Given that history of repression and belligerence, it is not surprising that North Korea has few allies, especially since the end of the Cold War and fall of communist governments across Central and Eastern Europe. It is also not surprising that the list of countries that maintain close relations with North Korea are also those that tend to run afoul of international law and that maintain repressive systems. Part of the reason for this self-imposed isolation is Pyongyang’s virtually psychotic need to insulate itself from outside cultural and political influences lest its destitute population be exposed to alternative political and economic options. It is in this context that a list of countries, other than Russia and China, that oppose outside intervention in North Korea can be compiled.
Countries that are vocal opponents of intervention in North Korea are mainly those with hostile relationships with the United States, and that have their own internal problems or issues that could raise fears of an eventual U.S. attack on them.
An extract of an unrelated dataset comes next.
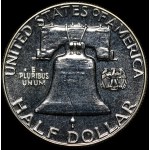 USA, 1/2 dollar 1957, Franklin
Once a country supports military interventions against another country, it opens the door to the suggestion that such interventions are morally appropriate. Syria, for example, would never support an intervention in North Korea because of its own ongoing fears of U.S.-led military operations against its government during its civil war. Similarly, the Iranians are staunch opponents of an attack on North Korea because of its nuclear weapons programs, which have been an ongoing target of threats of military intervention by the United States and Israel. Cuba and Venezuela have prided themselves on adopting foreign policy positions in opposition to U.S. policies and maintain relationships with any country that is hostile to the U.S. and, consequently, oppose an intervention.
There are other countries that quietly oppose foreign intervention in North Korea out of concerns for the effect such an action would have on global financial markets and out of concern for the possible destabilization of the region. Many countries in the European Union fall into this category. Japan, a close U.S. ally in the region, is frequently a target of North Korean threats, and Pyongyang’s 1998 firing of a long-range missile over Japanese territory was seen as particularly provocative, but the Japanese fear the flood of Korean refugees that would almost certain result from another war on the Peninsula. The governments that are most openly opposed to an intervention, though, are those listed above, including Syria and Iran.